Un jour Florent m’a proposé de venir passer le casting.
C’est à ce moment qu’une évidence s’est imposé dans mon cerveau : qui d’autre que lui pouvait incarner le personnage ? La réponse était simple : personne.
Nous avons voulu faire les choses dans les règles de l’art.
Florent a passé toutes les étapes de casting et a prouvé à tout le monde que c’était la bonne personne pour endosser ce rôle.
Pour des raisons évidentes de financement et de production je savais très tôt que les personnages ne pouvaient pas être joués par des acteurs géorgiens. Nicolas est parfait dans ce rôle !
Grand merci à lui de m’avoir fait confiance !
Et à Florent aussi bien sûr. Nous n'avons pas eu beaucoup de temps de préparation, car Nicolas était prévu sur un autre projet avant de venir sur notre tournage, il a dû apprendre quelques mots très rapidement.
Florent a eu plus de préparation et il a effectivement suivie des cours de Géorgien.
Oui ! La question de savoir comment on montre la violence a été longuement débattu avec le producteur, les acteurs , le chef opérateur et surtout avec moi-même !
Nous avons fait le choix d’aller dès l’ouverture du film dans une violence assez explicite pour créer une émotion et une attente pour la suite.
L’attente d’un déferlement de violence durant le film mais qui n’arrive jamais vraiment. Pas au même degré qu’au début en tout cas.
En général nous avons fait le choix d’avoir une violence suggérée pour jouer sur l’imagination du spectateur.
J’aime pas quand la violence est esthétisée et rendue « cool » à l’image.
Ma mère est professeure de piano dans la vie. J’en ai aussi pratiqué dans ma jeunesse.
Le piano fait partie intégrante de ma vie. Je pense que la musique dans le film est le meilleur moyen de dévier de la violence et d’emmener le film vers une dimension poétique.
Dans tous les cas c’est comme ça que nous avons essayer de contrebalancer la violence.
Le titre n’est pas tiré de la religion.
Il est un extrait d’un poème de Nazim Hikmet. Il en est inspiré plutôt.
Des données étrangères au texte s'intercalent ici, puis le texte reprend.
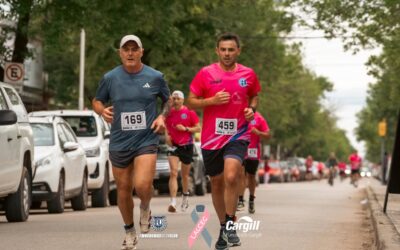 Atletismo: Sofia Mackay y Tomás Ulluá ganadores de los 10 kms en General Villegas
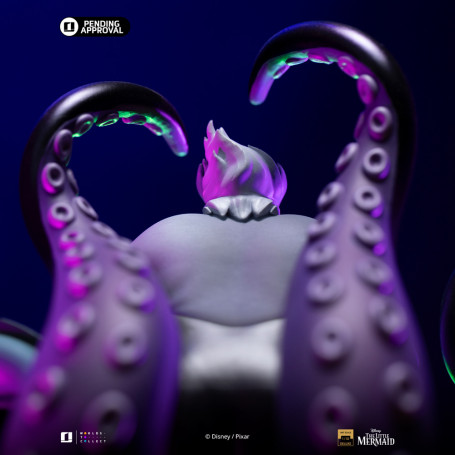 Iron Studios - Disney Villains Ursula Deluxe Art Scale 1/10 - The Little Mermaid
C’est pas une citation directe. Voici le l’extrait de poème :
« Si je ne brûle pas
si tu ne brûles pas
si nous ne brûlons pas
comment les ténèbres
deviendront-elles
clarté. »
Pour nous, avec Florent, c’est une métaphore du chemin qui est sinueux et douloureux pour le personnage principal.
Tristan doit passer par des épreuves douloureuses pour espérer retrouver la paix intérieure.
Je pense que je referai des films dans ce même genre mais le prochain projet m’emmène effectivement ailleurs, loin de la communauté géorgienne et de la ville de Nice.
Je développe avec Adastra films (Sébastien Aubert et Leslie Jacob) à la production et toujours Florent Hill à la co-écriture un film d’action dans le milieu de l’espionnage sous fond de tension géopolitique
! Pour l'instant impossible d'en dire plus mais j'espère vraiment que ce projet se concrétise rapidement j'ai encore tellement faim de cinéma !!
Brûle le sang d’Akaki Popkhadze avec Florent Hill, Nicolas Duvauchelle, Finnegan Oldfield, Denis Lavant… 1h39.